Bei diesem verantwortlichen Personenkreis handelt es sich nicht um ein abstraktes und ominöses "soziales Kommando des Kapitals" (vgl. Materialien für einen neuen Anti-Imperialismus), hinter dem die Akteurinnen verschwinden, sondern um benennbare Entscheidungsträgerinnen mit verschiedenen Funktionen, die aufgrund ihres politischen Handelns bspw. für die Perfektionierung des rassistischen EU-Grenzregimes stehen.

Unsere Praxismittel sind mit dem "ständigen abfackeln von Autos" tatsächlich nicht an ihr Ende gekommen und können es auch nicht sein, wenn wir eine Perspektive eines umfassenden revolutionären Prozesses für uns in Anspruch nehmen.

Die Orientierung an Praxismitteln, die über den Rahmen von militanter Politik hinausgehen, schließen notwendigerweise eine intensive Diskussion über vergangene und aktuell geführte bewaffnete Kämpfe ein. Unser Interesse ist, zu einer "Normalisierung" in unseren Diskussionen und unserer Praxis als radikale Linke in der BRD zu kommen, dazu gehört selbstverständlich ein Verhältnis nicht nur zu den Potentialen und Grenzen von militanten Politikformen, sondern auch zum bewaffneten Kampf zu finden. Es ist eine Diskussion, wie wir in Etappen von dem Angriff auf materielle Objekte zum Angriff auf verantwortliche Subjekte kommen. Dabei liegt im Zusammenhang mit der Aufbereitung der rz-Politik einiges an Material vor (Stichwort: Knieschüsse) und auch im Antifa-Bereich sind Angriffe gegen Personen durchaus akzeptiert.

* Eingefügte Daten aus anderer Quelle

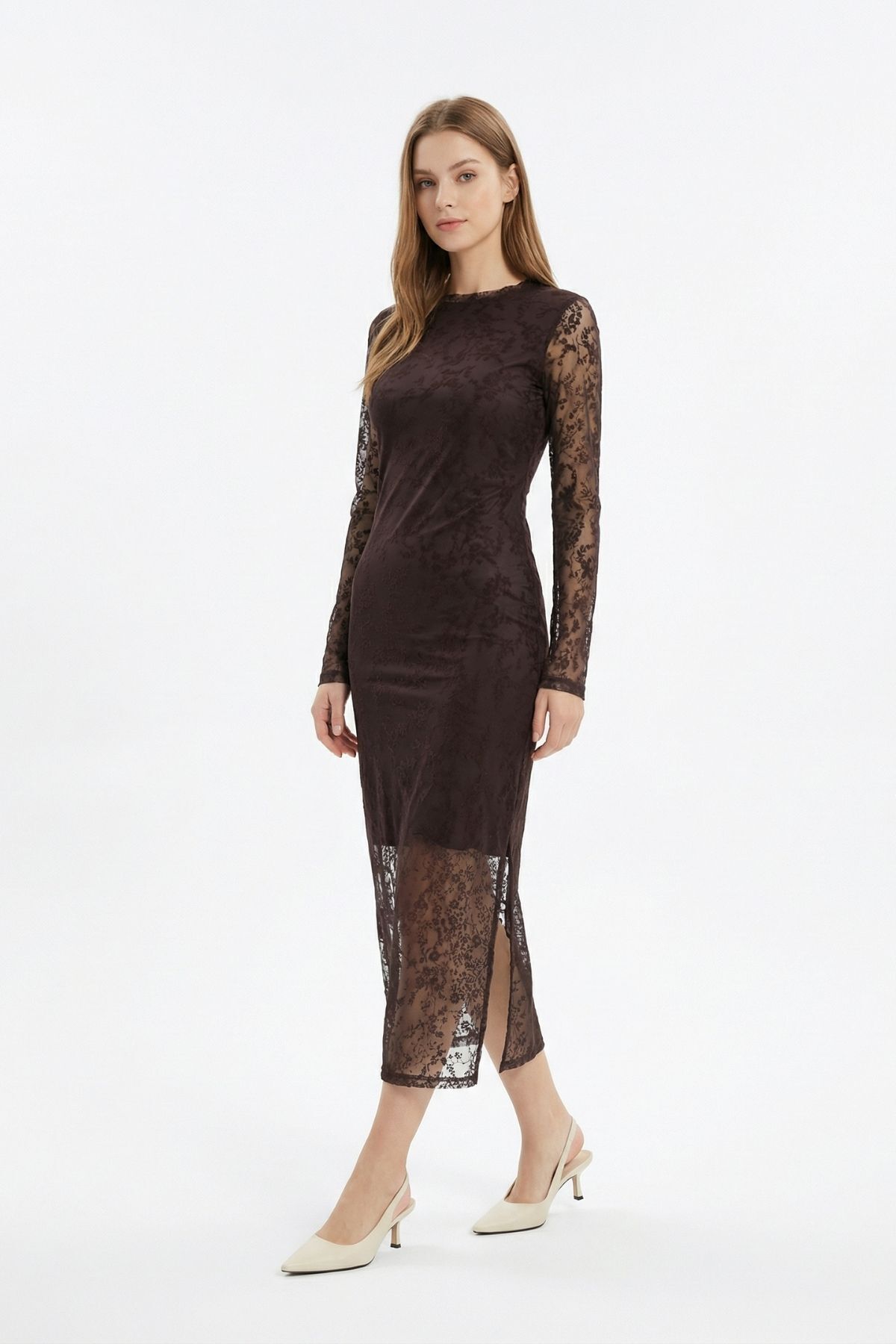 Kahve Uzun Kalem Elbise 8517A - 1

Diese Überlegungen haben nun wirklich nichts damit zu tun, "ungenau und diffus" (vgl. Interim-Vorwort, Nr. 529) zu sein und sind auch kein "Ausdruck einer nachvollziehbaren Ohnmacht" (ebd.), sondern sind für uns Bausteine einer Diskussion über revolutionäre Politik und deren Umsetzung in den Metropolen.

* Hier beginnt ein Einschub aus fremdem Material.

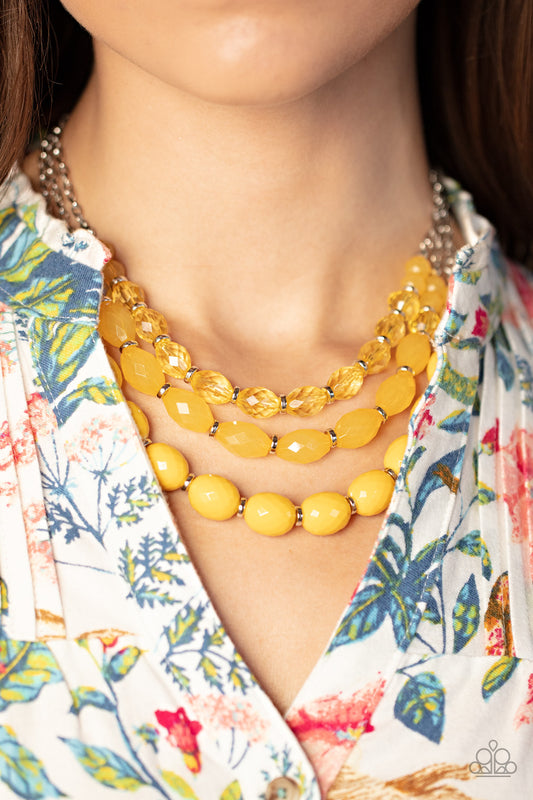 Tropical Hideaway Yellow Necklace by Paparazzi Accessories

Die Debatte um eine Erweiterung der Interventionsmittel für RevolutionärInnen ist in jeder Hinsicht gerechtfertigt, denn sie führt unweigerlich zu einer Beschäftigung mit Organisationen, die bewaffnete Politik praktizieren oder praktiziert haben. Sie führt zu einer Beschäftigung mit verschiedenen Organisationsgeschichten, die gleichzeitig auch Geschichten über gesellschaftliche Voraussetzungen und Situationen des bewaffneten Kampfes sind.

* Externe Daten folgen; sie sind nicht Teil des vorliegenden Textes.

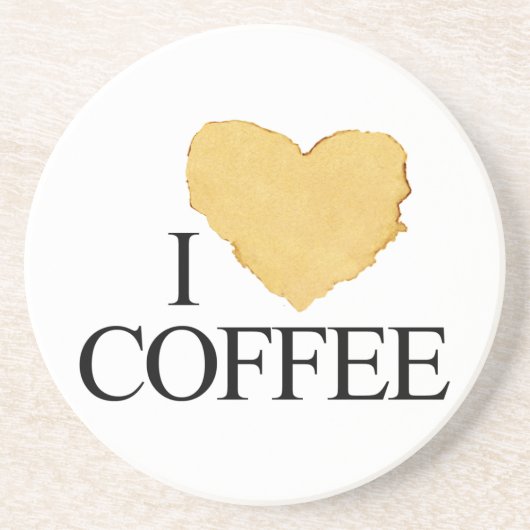 I Liebe Kaffee Sandstein Untersetzer (Vorne)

Dabei werden wir auf durchdachte Argumente für die (Wieder-)Aufnahme von bewaffneten Aktionsformen stoßen, wie auf Gegenpositionen. Es wird u.a. ganz konkret darum gehen, ob und inwiefern politische Liquidationen von Entscheidungsträgerinnen aus Politik, Wirtschaft und Wissenschaft von Zeitströmungen unabhängige Mittel des revolutionären Kampfes sind, oder nur in bestimmten Phasen von Bewegungshochs legitim sind. Es ist eine Form der "debattenmäßigen Selbstentwaffnung", wenn das Verschicken von scharfen Patronen und die immanente Drohung der Liquidation mit dem Hinweis, es entspräche nicht "dem jetzigen Stand der Auseinandersetzung (...), weil sie weder breit getragen würde noch materiell etwas verändern würde in Bezug auf die Forderungen der NS-Opfer" (vgl. Interim, Nr. 534, 20.9.01, S.19) quittiert wird.

Es ist sowohl für uns als auch für Euch nicht möglich, irgendeinen kollektiven Auseinandersetzungsstand zu qualifizieren. Wir könnten jetzt die Vielzahl von Beiträgen, Broschüren und Büchern anführen, die in den letzten Jahren erschienen sind, in denen sich mit der Geschichte und Gegenwart von revolutionärer Politik in der BRD und weltweit befaßt wird. Es kann hier kein einheitlicher "Stand der Auseinandersetzungen" benannt werden, diese Auseinandersetzungen sind beständig im Fluss und ihre "jeweiligen Stände" unterliegen der Interpretation.

Keine punktuelle militante oder bewaffnete Aktion wird grundlegend "materiell etwas verändern", unsere nicht und auch Eure nicht. Wir haben uns alle zu fragen, wie wir zu einem inhaltlichen, praktischen und organisatorischen Faktor werden können, um tatsächlich diese angestrebten "materiellen Veränderungen" des gesellschaftlichen Gefüges zu bewirken.

Nach dem 11. September sehen wir uns zudem mit einer Situation konfrontiert, die in ihren Auswirkungen für den revolutionären Widerstand in den Metropolen noch nicht zu fassen ist. Der im großen Stil im Ausbau begriffene staatliche Repressionsapparat und die Diskreditierung von Sozialrevolutionären und antiimperialistischen Kämpfen erfordert es um so mehr, dass wir in unseren Handlungen zu einem hohen Grad an Organisiertheit kommen.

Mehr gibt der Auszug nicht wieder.